#Barefoot Rough #Trail Running #InjuryFreeRunning

barefoottrail

Having run barefoot for over a decade on all types of surfaces and in all types of weather, I know how difficult it is to do so in one particular setting:

hilly, rough-hewn trail routes both up and downhill (this includes mountain terrain)

You might ask, “why would I even try to do so??”

Well, for those who have perfected barefoot running, you know the free feeling of being grounded with Mother Earth. You also know the improved sensory feedback from the feet through the body’s musculature that improve balance, stability and reactivity to changing terrain. In many cases, this helps you avoid serious injury and makes the trail runs much more enjoyable.

The hill or mountain trail routes pose specific challenges to barefoot runners – not the least of which is taking them on only after you have toughened up the skin, strengthened the feet muscles and progressively worked toward handling up and downhill trail running. Listed below are a  few techniques that I find help barefoot runners take on most hill trail routes:

UPHILL:

  • exaggerate the forward lean from the hips to better keep the feet behind the midline…no matter how steep the climb
  • keep the eyes looking about 2 feet ahead but on high alert ans scanning side to side – many times, you need to react quickly to an object that appears out of nowhere
  • cup the feet more than normal to prevent full downward impact on rocks, branches, tree roots
  • do not over-extend the knee lift. This will make it too difficult to cushion the downward drive of the feet
  • flick the heels back more than normal to help propel you up the steepest sections. Also, be prepared to shift feet side to side forward for better traction and balance on muddy, steep climbs

barefoottraildownhill

DOWNHILL:

  • generally, you want to let gravity carry you down most hills. This means leaning slightly forward to take pressure off your quadricep and hip flexor muscles whilst better activating your gluteal, calf and hamstring muscles. You also make more use of your arms by making backward circles and/or driving them forward but away from the body
  • as you hit steeper and rough downhills, this is not the best way to run them. You will have more success by leaning back into the hill slightly as needed
  • squat lower to the earth but still keep impact point toward the mid-foot. This means bracing from the core with more intensity than normal
  • keep the eyes focused forward but also flicking side to side and up and down.
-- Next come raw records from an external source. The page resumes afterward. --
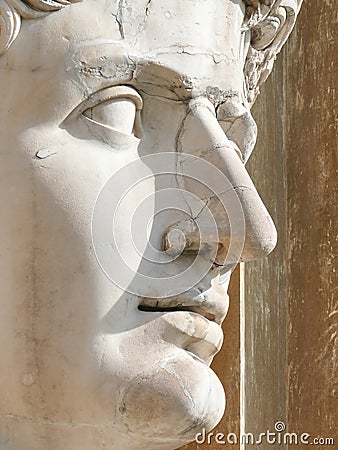 Huge head carved in marble. Vatican. Rome. Italy Editorial Stock Photo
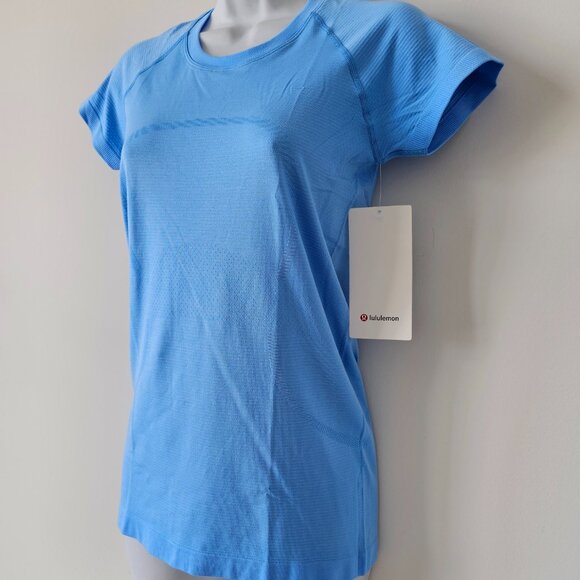 NWT LULULEMON AEBL/AEBL Blue Swiftly Tech Short Sleeve 2.0 Crew Top 6 - Picture 2 of 10
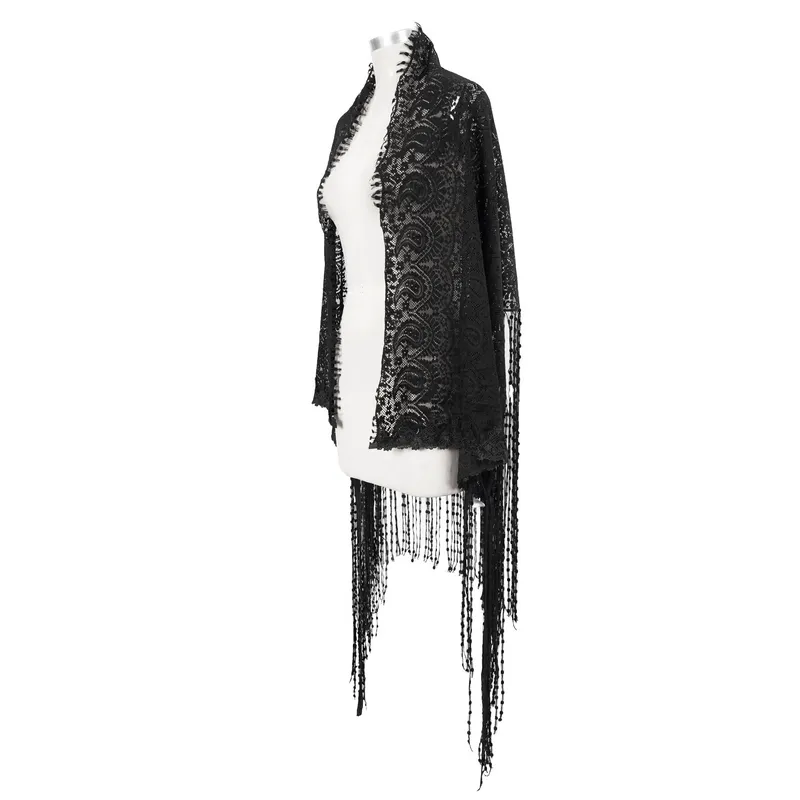 Gorgeous Lace Tassel Cape / Black Cape for Women with Fringe / Gothic Female Accessories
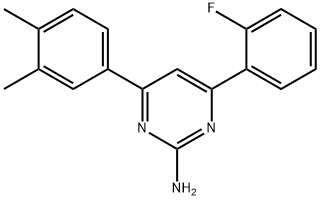4-(3,4-dimethylphenyl)-6-(2-fluorophenyl)pyrimidin-2-amine Struktur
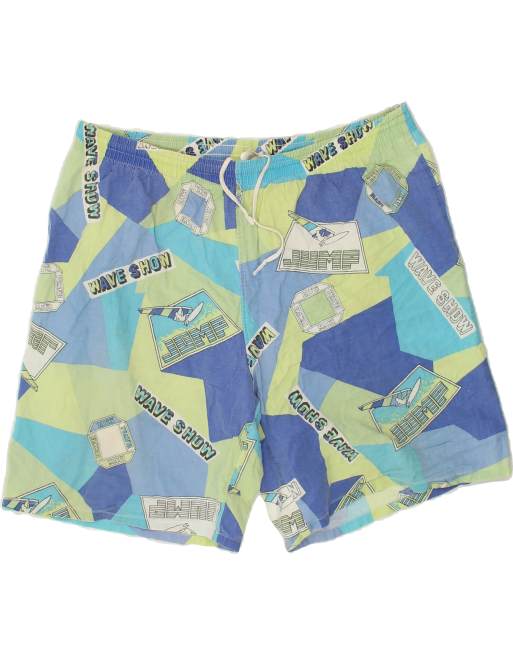 Vintage Size 2XL Colourblock Swimming Shorts in Blue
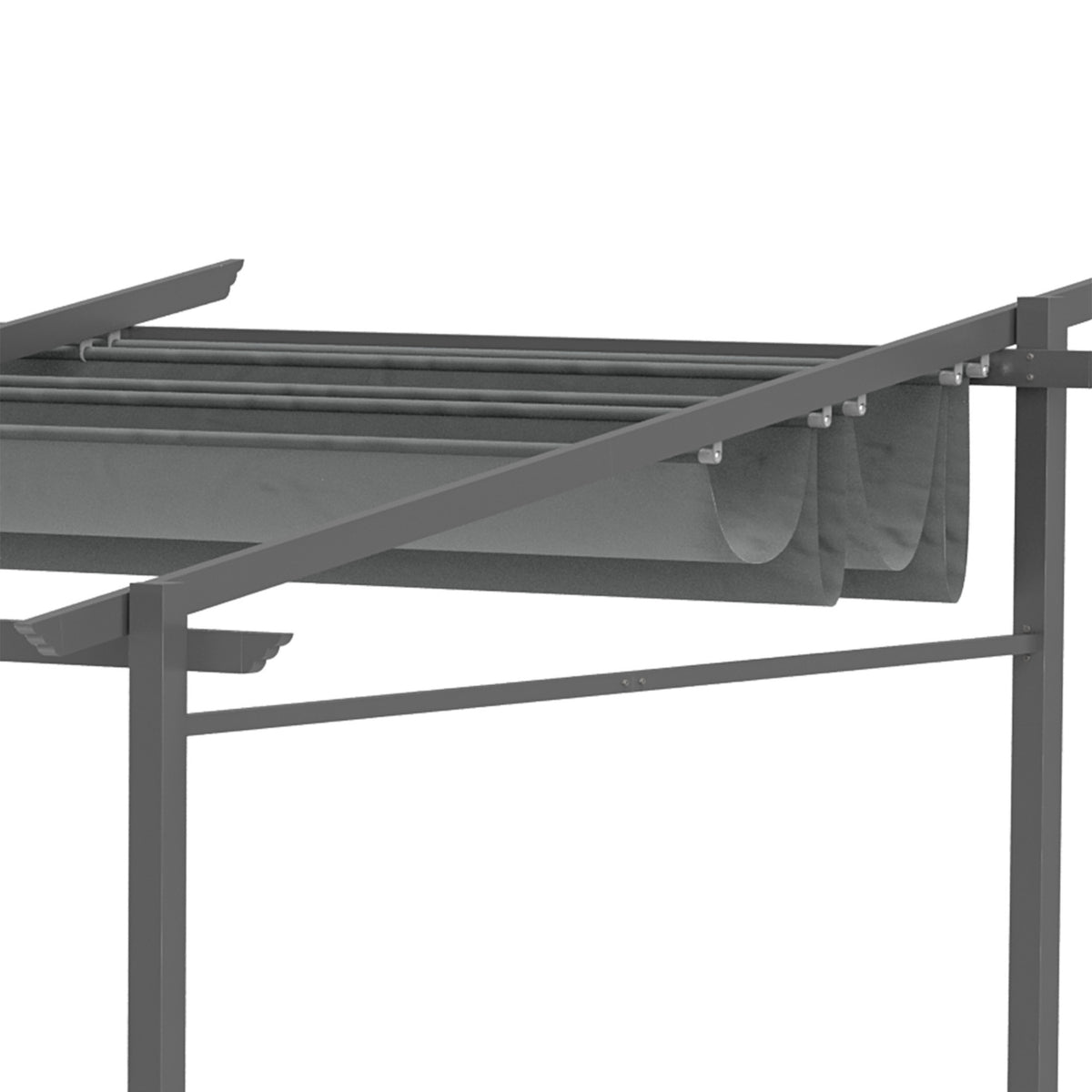 Patio Roof Pergola Approx. 4x3m Patio Roofing Garden Pavilion Aluminum, Wall Mounted, Garden Pavilion with Adjustable Roof, UV Protection, Sun Protection for Patio and Garden, Dark Gray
You have less time to react – thus, all of your senses must be on high alert
  • lift the feet more than normal to avoid tree roots, river rock, boulders, sharp slag etc. You need to shift your full body weight quickly out of harm’s way
  • shift the feet side to side on the trails when able. This helps control intense downhill speed and keep you from landing directly on sharp, hard objects
  • weave side to side when the trail width permits. This again helps you control intense downhill speed and avoid potentially dangerous terrain

As you can gather from the above pointers, barefoot trail running is NOT for barefoot running neophytes! Having said that, if ‘coffin’ (running shoe/trail shoe) users incorporate the tips into your up & downhill trail running, I guarantee that you will experience safer, more efficient, enjoyable and powerful results.